- Presented by: Jason Chan, Adrian Pang
- Country of origin: Singapore
- No. of seasons: 2
- No. of episodes: 34

Production
- Executive producers: Ignatius Teo Julie Sim-Chew
- Producers: Tan Ing How Prem Anand Lindsay Jialin Monica Goh Vivian Chew
- Running time: 60 Minutes

Original release
- Network: Mediacorp Channel 5
- Release: 9 January 2007 – 26 May 2008

= The Arena (TV series) =

2007 Singaporean TV series

The Arena was a debate-style television show produced by Mediacorp Channel 5 in Singapore. Two seasons of the show were broadcast, with Season one held on January–March 2007, and season two on March–May 2008. The show involves teams of students from secondary schools in Singapore debating against each other on issues of topical interest. The show is hosted by Adrian Pang in the first season, before replaced with Jason Chan in Season two.

The Arena was one of the four nominees for the 2007 International Emmy Award in the 'Children and Young People' category, alongside shows from Australia, Brazil and Poland. (The winning show in the category was The Magic Tree from Poland.)
The Arena was also one of six nominees for the 'Best Game or Quiz Programme' at the 2008 Asian Television Awards. The series has spawned with two international versions, in Thailand and Vietnam.

== Rules ==
In each episode, two schools, each with three speakers per school, engaged on a debate, a process that involves formal discourse, discussion, and oral addresses on a particular topic or collection of topic, which varies each episode.

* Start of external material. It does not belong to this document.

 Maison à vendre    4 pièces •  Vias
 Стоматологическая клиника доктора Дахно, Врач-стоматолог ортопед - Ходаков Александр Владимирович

Each match consist of three rounds and one rebuttal round in-between the second and third round. Only one speaker may participate in one round at a time, while all three speakers must participate in a rebuttal round. In season one, the time limit was 3.5-4-4.5 minutes, while in season two, the structure is standardized to four minutes each.

Participating speakers stood on the central podium, and spoke directly to one opponent from the other team (rather than facing to the audience and the judges as in most other debate formats). Each speaker took turns to address their speeches and can end early if desired. The opposing speaker, at any time during their speech, may interrupt their debate to prove their points of information at a press of a button, during which the current speaker for the round is not allowed to interrupt or oppose theirs until their challenge ended. Each team is allowed a 1.5 minute rebuttal time (indicated in as "rebuttal bank"), which is accumulated in succeeding rounds; whenever the rebuttal is in effect, their current time limit is frozen.

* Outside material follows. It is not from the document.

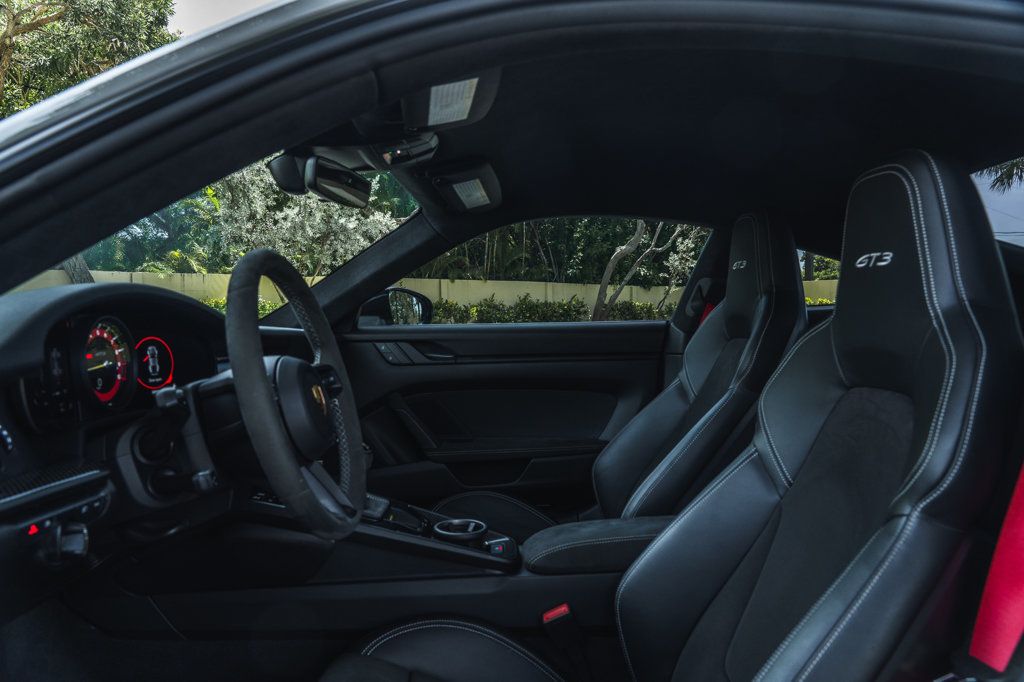 2022 Porsche 911 GT3 Coupe photo 18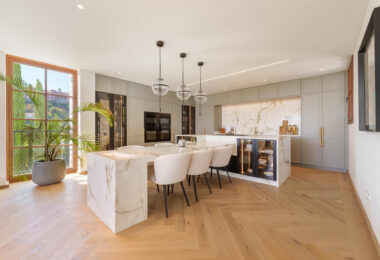 Villa Cina zajmuje uprzywilejowaną pozycję w The Hills, La Quinta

The rebuttal round (called Quickfire round in Season two) involves all speakers participating in a roundtable discussion. Unlike the three rounds, the rebuttal time is not used and the 1.5 minute time limit run concurrently, similar to a Chess clock; one at a time, each speaker took turns to debate, and they must press the button on the central podium to end their turn before passing their turn to their opponent. Each speaker may take only one turn during the round.

After each round, the panel of judges will evaluate each speaker's debate. In season one, scoring is determined by votes cast from the judges, with each vote awarding points (5-6-7-7; for a maximum score of 100). The votes for the first two rounds are immediately announced after each round, while the last two rounds are later announced on the results show (the decision from each judge is not shown).

In season two, the scoring system was revamped and while each round carries a maximum score of 20 (and revealed immediately), an additional 20 points for "Team Strategy" is awarded for their performance and teamwork. Results are determined by best-of-three scores from each of the judges, which counts as a vote; the school who obtained a higher individual score from at least two judges wins the match.

Winning schools advance to the next round while the best performing losing schools (based on the losing scores) after all the matches for the current phase will advance as wildcard. In total, there are six schools in the quarterfinals, then reduced to four in the semifinals, and then two in the finale. In season two, as there are 12 schools and with a change of match deciding format, there are no wildcards in the first round (though there is a wildcard in the quarterfinal, awarded to the school who have won at least one judge's vote).

== Results ==
 The school won the final match and become champions.
 The school lost the final match and become runners-up.
 The school won the match.
 The school lost the match, but advanced by wildcard.
 The school lost the match and was eliminated.

=== Season 1 (2007) ===
In season one, ten schools competed for the title. Each episode consists of two shows, one debate round and one results show. The resident judges for the season are National University of Singapore Senior Lecturer K.K. Seet, Nominated Member of Parliament and former Miss Singapore Universe Eunice Olsen and Today journalist and Debate Association Singapore Executive Committee Ashraf Safdar.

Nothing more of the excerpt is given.